It's Urban Meyer's world. Everyone else just coaches in it.

Meyer has enjoyed a meteoric rise to the top of this chart. When this decade dawned, Meyer was the wide receivers coach at Notre Dame under Bob Davie. Meyer went on to coach Bowling Green and Utah for two years apiece (notching 17-6 and 22-2 records, respectively) before heading to Florida, where he's entering his fifth season after amassing a 45-9 record to date.

Meyer has won two BCS titles in the past three seasons, and his Gators figure to be the overwhelming favorite to win another national championship this season.

Perhaps Meyer will get bored by all of this and scamper off to the NFL. Or perhaps he'll be lured to Notre Dame, his "dream job," and restore the Irish to national prominence.

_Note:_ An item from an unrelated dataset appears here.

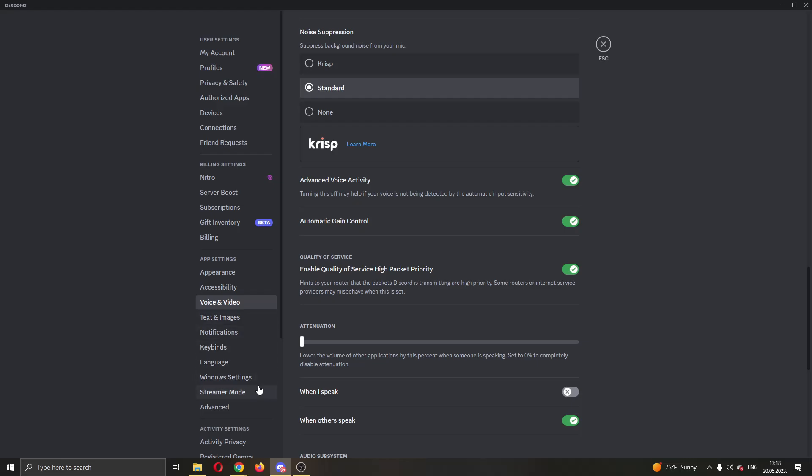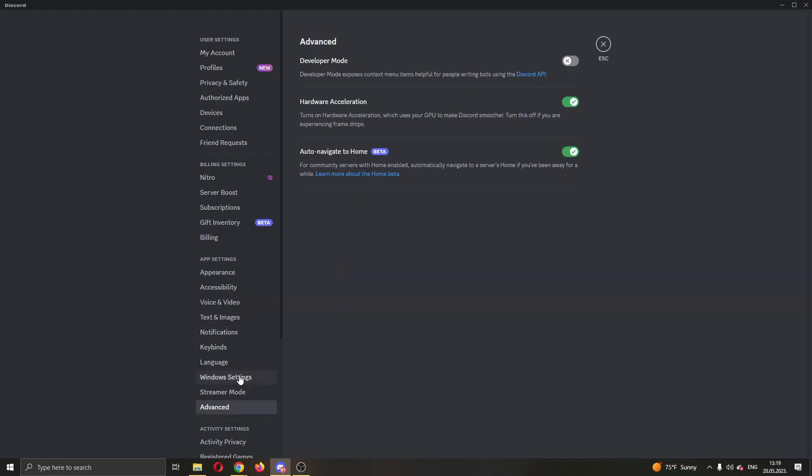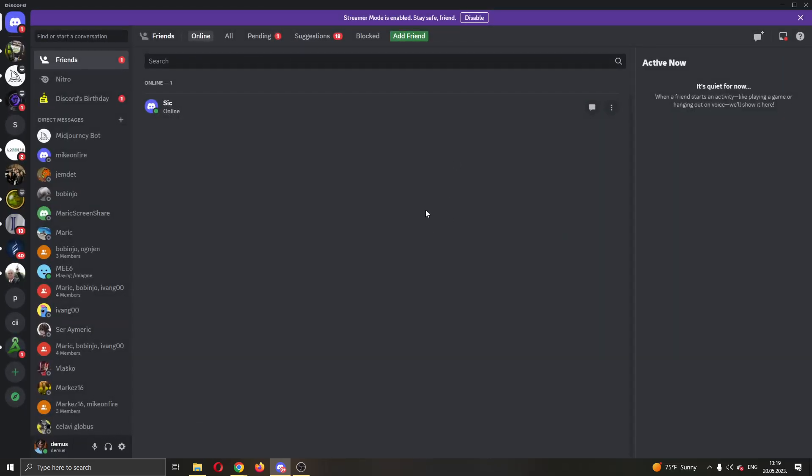After you have adjusted that, you want to go to the advanced option right here under voice and video. Click on advanced and here you will have the option hardware acceleration. You want to turn this off or on depending if you want to have less or more ping. Turn this option on if it is off and you'll notice your ping has changed in Discord.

Whatever is in his future, know this: It's good being Urban Meyer, college football's coaching king.

The top 30 coaches:

1. Urban Meyer, Florida. Two BCS titles in three seasons, with another in his sights.

2. Bob Stoops, Oklahoma. No coach can match his four BCS title game appearances.

3. Nick Saban, Alabama. First, he made LSU a national power. Now, Saban has Alabama poised to be the nation's top program.

4. Pete Carroll, USC. No program dominates its conference more. The only thing missing? More BCS titles.

5. Kirk Ferentz, Iowa. He has won big despite talent that annually ranks no better than fourth in the Big Ten each season.

6. Mack Brown, Texas. To whom much is given, much is expected. And Brown has delivered.

7. Jim Grobe, Wake Forest. Honestly, if this guy were coaching at, say, Texas, how many national titles would he have?

8. Brian Kelly, Cincinnati. He was at his best last fall, tiptoeing around myriad quarterback injuries to lead the Bearcats to the Big East title.

9. Frank Beamer, Virginia Tech. He took a simple idea of building a program around defense and special teams -- and "Beamerball" -- and created a perennial power.

10. Mark Richt, Georgia. His résumé only lacks a national title. And you know one is coming.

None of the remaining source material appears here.